Nervous, mumbling and out of work, Charles Ingram is one of a number of unlikely characters to turn their infamy into a fledgling media career.
Ingram, desperate for an income after he was forced to quit the Army for cheating on Who Wants to be a Millionaire?, hired an agent to tout himself and his wife, Diana, as celebrities.
Interest in the Major and his "Lady Macbeth" wife reached a peak when ITV broadcast their fraud in a special edition of Millionaire and contracts with Channel 4, Five and the BBC were soon to follow. After yesterday's court ruling their agent, David Thomas, was optimistic for his clients. "Love him or loathe him, you cannot escape the fact that Charles puts bums on seats. You only have to look at the audience figures relating to the programmes he has appeared on."
Their greatest success so far has been an appearance this month on Channel 4's Celebrity Wife Swap, recorded before the fraud case that ended in yesterday's sentence. The ex-soldier played host at his Wiltshire home to the Big Brother contestant Jade Goody while his wife endured a week with Goody's boyfriend, Jeff Brazier, in their Essex flat.
On the same night "Charles and Di" appeared on the general knowledge quiz show 19 Keys hosted by Richard Bacon. The BBC says a documentary about the Ingrams filmed over the past five months will be shown as a Real Story special on BBC1 on Monday.
The Ingrams have been more successful than their accomplice in the Millionaire fraud, the former college lecturer Tecwen Whittock. He has touted his services as an after-dinner speaker.
The Ingrams have much in common with the disgraced ex-Tory MP Neil Hamilton and his wife, Christine.
The Hamiltons have become the trailblazers among those who have been lambasted in the press only to parade themselves in television shows.
Soon after the MP lost his seat to Martin Bell, who stood on an anti-corruption ticket, the Hamiltons appeared on Have I Got News for You, pocketing an estimated £15,000 and continuing the show's tradition of humiliating guests.
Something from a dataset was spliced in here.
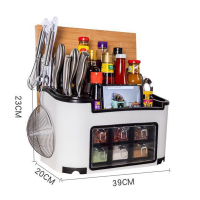 厨房置物架调料刀架用品家用烘焙精灵大全台面多功能筷子调味品收纳盒 大号6格升级哑光白[后置抽屉]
Further television appearances culminated in Christine's performance in I'm a Celebrity, Get Me Out of Here.
James Hewitt, another former military man who became persona non grata, has boosted his income with an appearance on Channel 4's reality show The Games.
Stephen Lambert, director of programmes at Channel 4, said: "Charles thinks that he and his wife have been painted as villains. He thinks they'll both look better on a programme that shows what they are really like."